Energy-saving measures were put in place across the country after Russian missile and drone strikes destroyed at least 30 percent of the country's power stations in a week, according to authorities.

Following blackouts in parts of Kyiv overnight, the city's mayor Vitali Klitschko urged businesses to limit screens and signage lights "as much as possible".

"Even small savings and a reduction in electricity consumption in every home will help stabilise the operation of the national energy system," he said.

Ukrainians responded defiantly.

"It's not going to change our attitude, maybe we will only hate them more," said Olga, a resident of Dnipro in central Ukraine who declined to give her last name.

"I would rather sit in the cold with no water and electricity than be in Russia," she said.

People were rushing to buy auxiliary power supplies like generators and batteries, according to Kyrylo, an electronics vendor.

Speaking of the coming winter, he said: "I think that there will be nothing that we cannot survive."

"There will be some kind of heating in any case, and the fact that it will be 16 (degrees Celsius, or 61 Fahrenheit) instead of 20 doesn't matter much.
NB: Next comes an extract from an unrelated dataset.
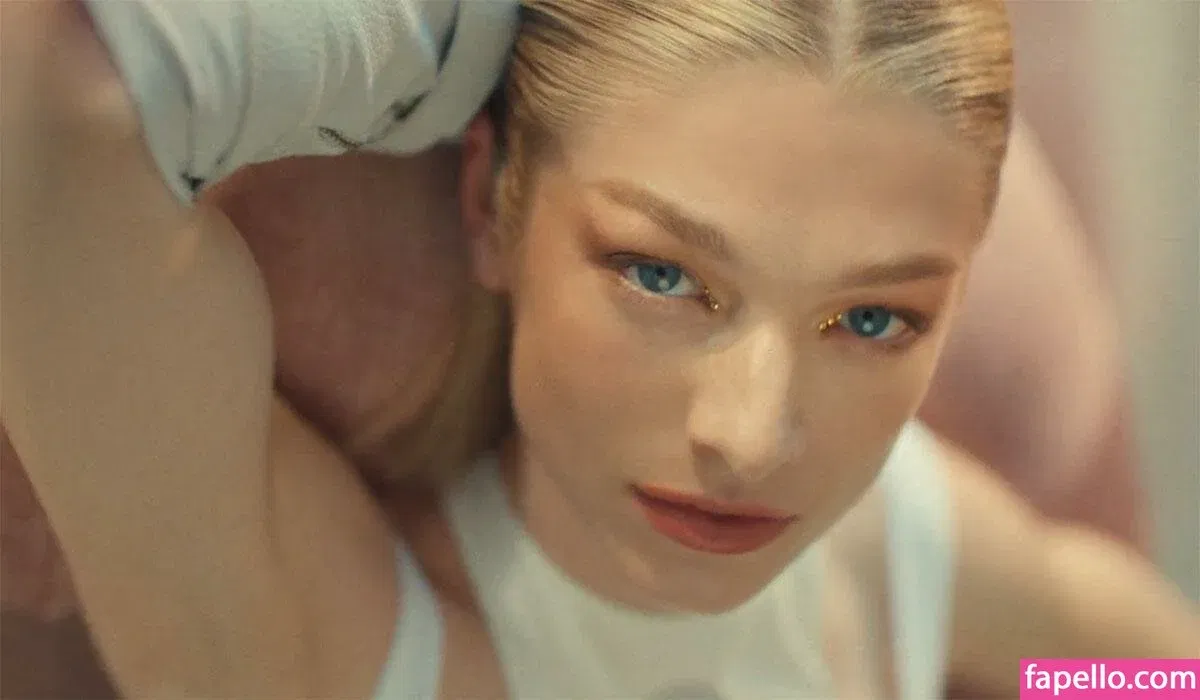 Hunter Schafer Onlyfans Photo Gallery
Just put on a thermal and socks," he said.

The White House meanwhile said it had evidence of Iranians taking a direct role in the war, helping Russians direct their Iranian-made "kamikaze drones" -- which are destroyed in attacks on Ukrainian targets such as power stations.

"Tehran is now directly engaged on the ground, and through the provision of weapons that are impacting civilians and civilian infrastructure in Ukraine," said White House national security spokesman John Kirby.
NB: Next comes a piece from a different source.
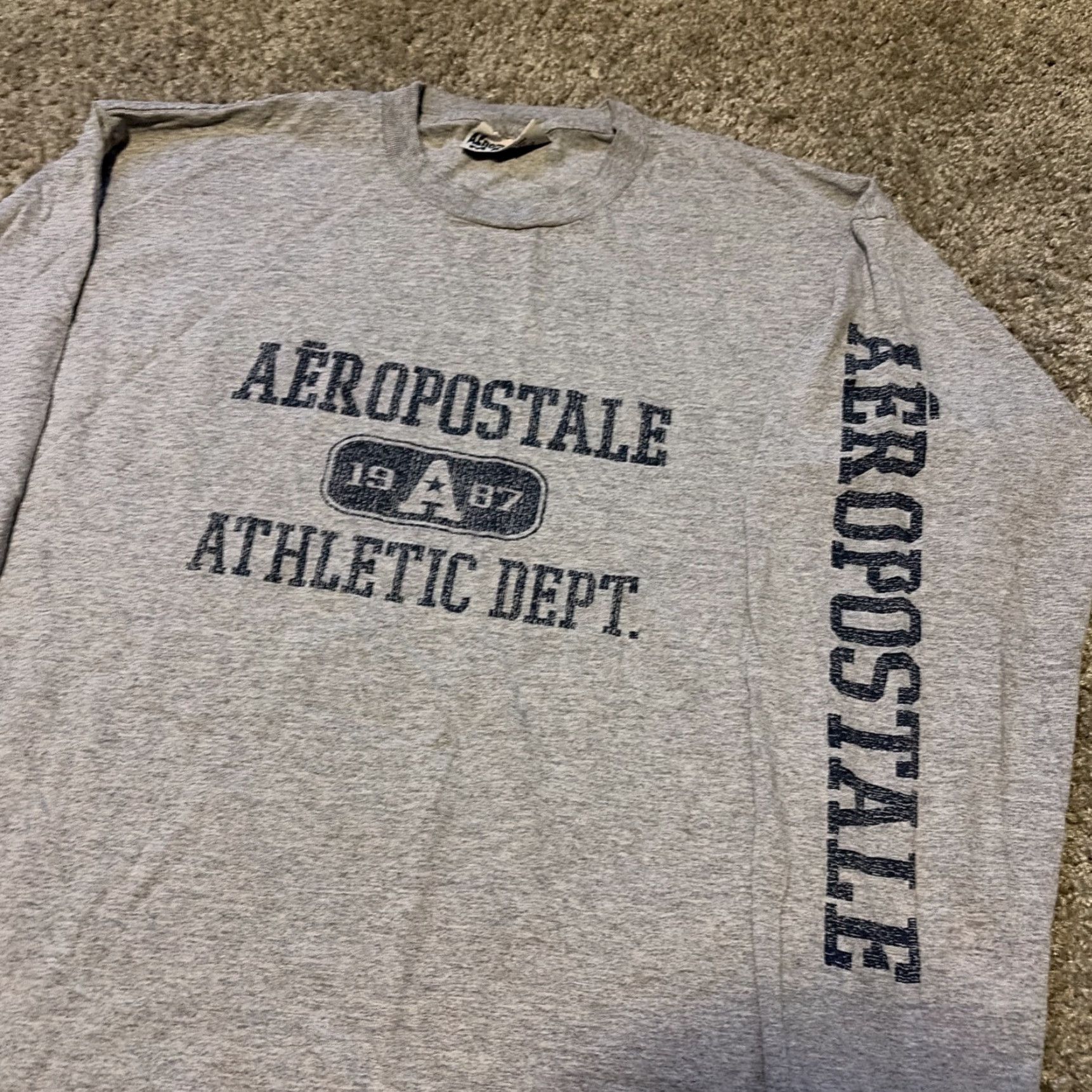 Aeropostale VINTAGE Aeropostale T-Shirt Athletic Long Sleeve Grey M Men Mallcore 2000s Y2K Shirt Size US M / EU 48-50 / 2 - 4 Thumbnail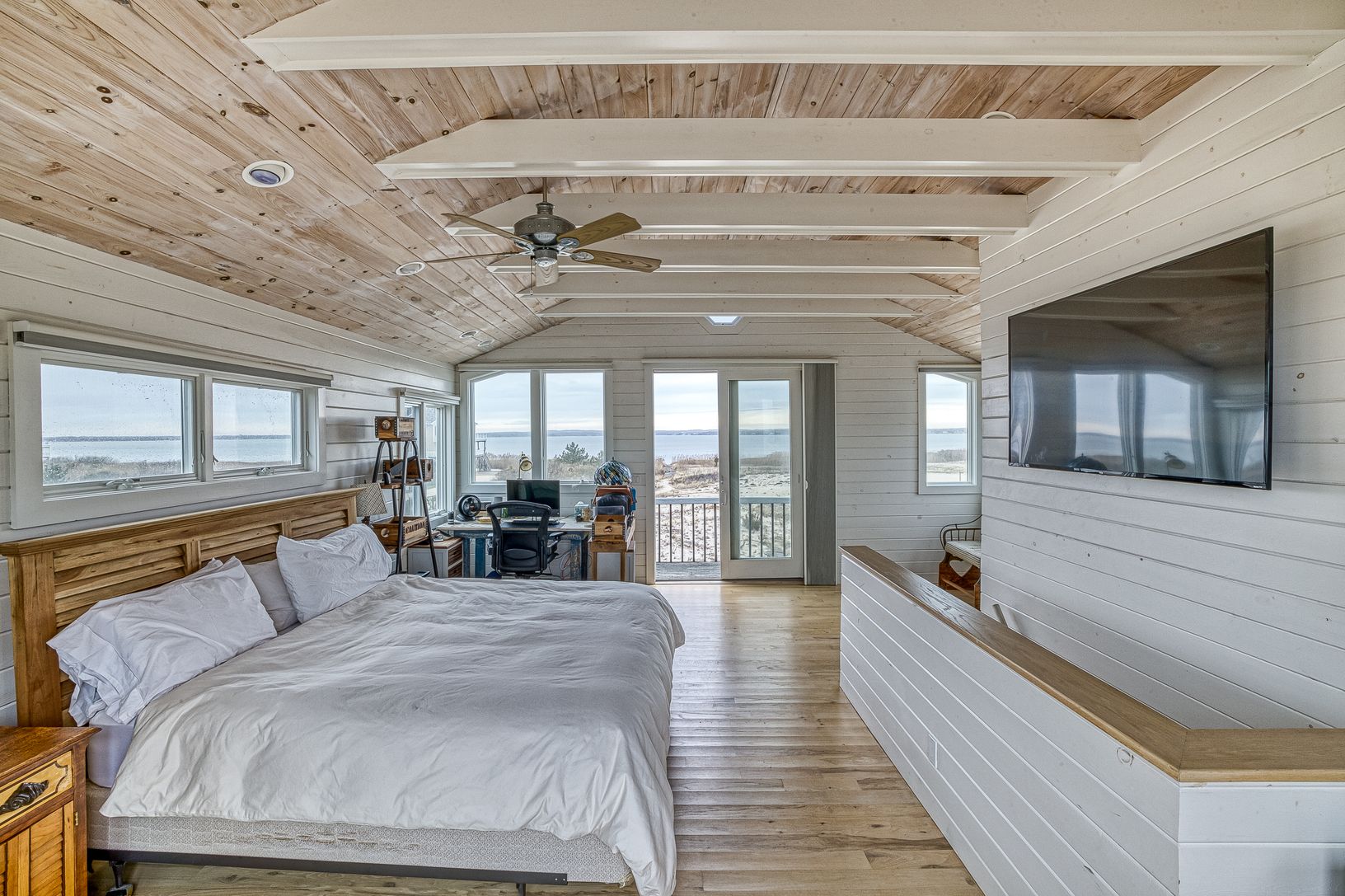  Main  Bedroom on 2nd Level by Itself Runs from Bay to Ocean Side . Romantic Sunsets.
He added that there was also concern Iran might supply surface-to-surface missiles to Russia for use in the war.

"The United States is going to pursue all means to expose, deter and confront Iran's provision of these munitions against the Ukrainian people," he added.

The European Union and United Kingdom announced sanctions on three Iranian generals and an arms firm accused of supplying Russia with drones.
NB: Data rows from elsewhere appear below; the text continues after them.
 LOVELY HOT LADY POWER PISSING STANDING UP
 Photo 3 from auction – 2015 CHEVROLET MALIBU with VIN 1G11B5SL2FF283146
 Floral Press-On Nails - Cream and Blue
However, bipartisan support for military aid to Ukraine is starting to wane in Washington, with Republicans signalling that funding could be cut after congressional midterm elections next month.

"They said that if they win they're not likely to fund, to continue to fund Ukraine," US President Joe Biden said while campaigning in Pennsylvania.

"They have no sense of American foreign policy."

Little changed along the long front lines, where Russia has been sending many of the 200,000 troops newly called up to the fight.

Russian President Vladimir Putin on Thursday visited a training centre for mobilised troops south-east of Moscow where he embraced soldiers and fired a gun.

Some fighters opened their rucksacks to show him what they had been equipped with, and he asked one about his family, who replied he had a five-year-old daughter.

Putin hugged him and wished him "good luck."

Meanwhile Russia continued to evacuate people from Kherson city as Ukrainian forces inched closer to the southern hub, in Moscow's hands since the earliest days of the invasion in February.

Moscow-installed authorities in Kherson said that around 15,000 people have been moved out.

Russia's Rossiya 24 TV showed images of people waiting to board ferries, unable to use bridges damaged by Ukraine.

Kirill Stremousov, a pro-Russian official, said on Telegram that the evacuations would give Russian forces more room to fight, and said they would not cede the city back to the Ukrainians.

"Remember, nobody is going to give up Kherson," he said.

But Ukrainians said the exit of civilians from the area was in fact forced deportations to Russia.

The US-based Institute for the Study of War, in its daily analysis, said that as Ukrainian forces continue to close in on Kherson city, Russian authorities "are likely setting information conditions to justify planned Russian retreats and significant territorial losses."